The Pakistan Muslim League (Nawaz) formally assumed power in the Punjab with the swearing in of the prime minister's brother, Shahbaz Sharif, as chief minister. Unofficially, however, the party took control of the provincial administration the moment the Nakai government was dismissed.

Feb. 23:

In a nationwide speech the Prime Minister announces a "national debt retiring programme, urging the people donate and invest money in government's debt retiring schemes.

* He also shifts the weekly holiday from Friday to Sunday.

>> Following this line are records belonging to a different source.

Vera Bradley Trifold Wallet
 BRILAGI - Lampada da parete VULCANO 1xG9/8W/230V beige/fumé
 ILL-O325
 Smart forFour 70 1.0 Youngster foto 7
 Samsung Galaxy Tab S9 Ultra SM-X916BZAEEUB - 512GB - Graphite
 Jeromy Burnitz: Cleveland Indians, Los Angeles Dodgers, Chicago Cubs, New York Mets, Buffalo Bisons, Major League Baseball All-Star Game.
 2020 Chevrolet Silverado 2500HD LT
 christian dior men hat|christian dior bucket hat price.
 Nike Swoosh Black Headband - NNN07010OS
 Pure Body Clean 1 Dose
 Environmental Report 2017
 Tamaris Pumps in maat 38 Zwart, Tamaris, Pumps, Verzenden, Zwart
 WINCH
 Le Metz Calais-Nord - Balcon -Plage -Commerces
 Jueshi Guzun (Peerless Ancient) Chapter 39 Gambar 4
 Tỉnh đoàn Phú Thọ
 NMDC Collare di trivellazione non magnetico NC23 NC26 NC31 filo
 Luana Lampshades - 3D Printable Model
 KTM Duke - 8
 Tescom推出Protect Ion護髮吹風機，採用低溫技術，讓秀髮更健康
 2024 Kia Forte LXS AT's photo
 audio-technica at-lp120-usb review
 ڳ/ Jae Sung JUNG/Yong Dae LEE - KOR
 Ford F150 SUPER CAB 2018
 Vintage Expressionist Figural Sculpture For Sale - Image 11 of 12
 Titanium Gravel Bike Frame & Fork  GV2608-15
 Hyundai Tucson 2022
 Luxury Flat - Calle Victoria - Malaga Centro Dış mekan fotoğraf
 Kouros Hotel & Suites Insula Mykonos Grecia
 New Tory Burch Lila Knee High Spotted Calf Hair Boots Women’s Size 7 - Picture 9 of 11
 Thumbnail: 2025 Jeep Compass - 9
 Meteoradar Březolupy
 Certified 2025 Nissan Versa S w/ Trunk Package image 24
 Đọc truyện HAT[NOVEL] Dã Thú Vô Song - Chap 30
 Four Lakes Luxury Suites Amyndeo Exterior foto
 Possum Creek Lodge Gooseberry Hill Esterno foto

The religious parties denounced the move as an attempt to erase this Islamic symbol.

* Benazir Bhutto appears before the judicial tribunal and claims that President Farooq Ahmad Khan Leghari was behind his brother, Mir Murtuza Bhutto's assassination.

Feb. 24:

General Mirza Aslam Beg, tells the Supreme Court he was not answerable to it regarding the alleged funding of the IJI campaign in 1990.

March 2:

 After scrutiny of nomination papers for Senate election, all the 12 PML candidates returned unopposed. Among those elected unopposed were two retired judges, Rafiq Ahmad Tarar and Afzal Loan who were on the Supreme Court bench that reinstated Nawaz Sharif as Prime Minister in May 1993.

March 3:

 In a train crash near Khanewal, 129 people were killed and several others injured.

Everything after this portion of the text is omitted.